PEAS IN A PODCAST

Popularized by a former MTV personality, the latest Internet media trend is gaining listeners among Silicon Valley's most respected venture capitalists.

With the exception of the Google IPO in August 2004, there have been few “buzz-worthy” developments in Silicon Valley over the past twelve months – or, to be more accurate, the past four years. Recently, however, a new Internet phenomenon known as “podcasting” has emerged in the collective consciousness of Santa Clara County.

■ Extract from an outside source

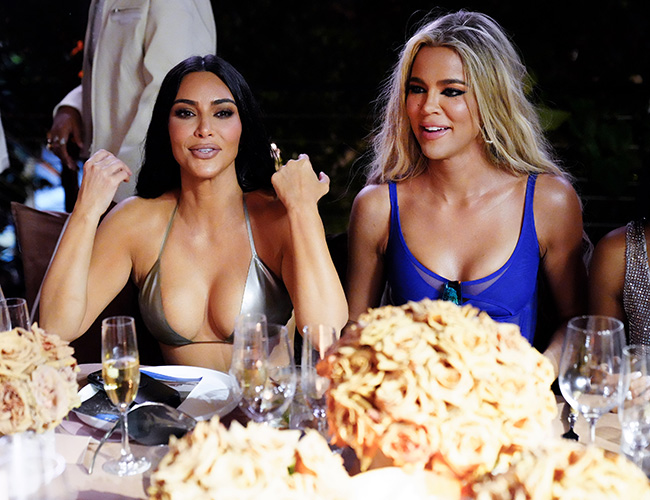 Kim Kardashian and Khloe Kardashian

And not only has it been drawing the type of news coverage and public interest once reserved for B2B platforms and web-based home delivery services, it's also attracting the capital of some very notable Sand Hill investors.

Last month, two of the biggest names in the venture capital industry, Kleiner Perkins Caufield & Byers and Sequoia Capital, led an $8.9 million (€7.3 million) investment in Podshow, a Miami-based company that develops software enabling users to create their own online audio programs, known as podcasts.

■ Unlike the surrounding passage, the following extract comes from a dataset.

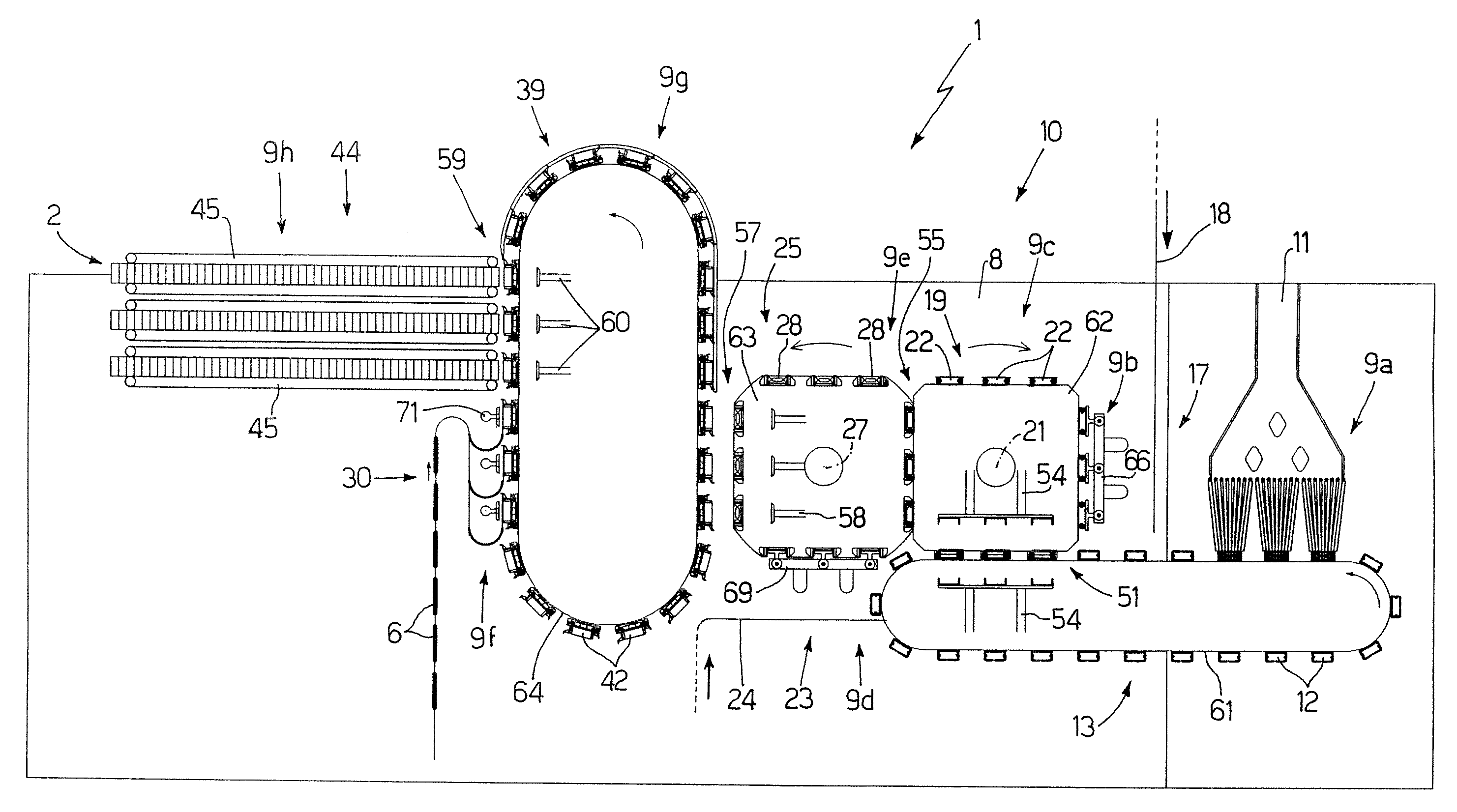 Method and machine for packing a product in at least one sheet of packing material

Named after Apple's ubiquitous IPod music player, these downloadable audio broadcasts have been gaining in popularity among the general public. Though figures are difficult to come by, a Pew survey released last April estimated that six million people have listened to podcasts. And like many other Internet prodigies of the past, podcasting even has its own B-list celebrity spokesperson.

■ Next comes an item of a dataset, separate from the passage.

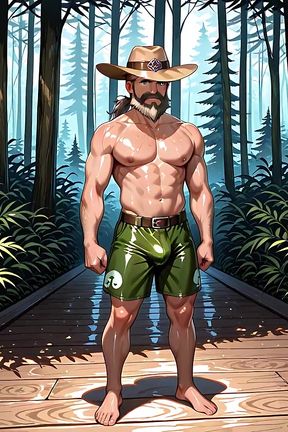 Ai Characters with Muscles Shirtless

Adam Curry, one of the founders of Podshow, has not only been instrumental in popularizing the podcast – he's known by some as the “Podfather” – but more than 20 years ago, he helped introduce the world to another new audio format: the music video. As a video jockey (or VJ) with long, flaxen hair in the early days of MTV, Curry bantered with musicians such as Boy George and introduced videos by the likes of Michael Jackson. Today, Curry hosts his own four-hour, weekday podcast on Sirius satellite radio.

Though podcasts can range from homegrown DJs spinning their very own music mixes to ministers preaching the scripture (so-called “Godcasts”) to an unclassifiable show such as the Daily Download, where the host takes calls while going to the bathroom, they are rapidly becoming, in essence, the audio equivalent of blogs – a democratic, if sometimes self-obsessive, online format for those disenfranchised by traditional media outlets.

Perhaps it's not a coincidence then that Odeo, a beta site which seeks to provide an online directory of podcasts as well as a link between advertisers and podcasters, recently received funding from VC firms Charles River Ventures and Amicus Ventures. Odeo was started by Evan Williams, the founder of Blogger, a web log-hosting site credited with helping to launch the blogging craze that was recently purchased by Google.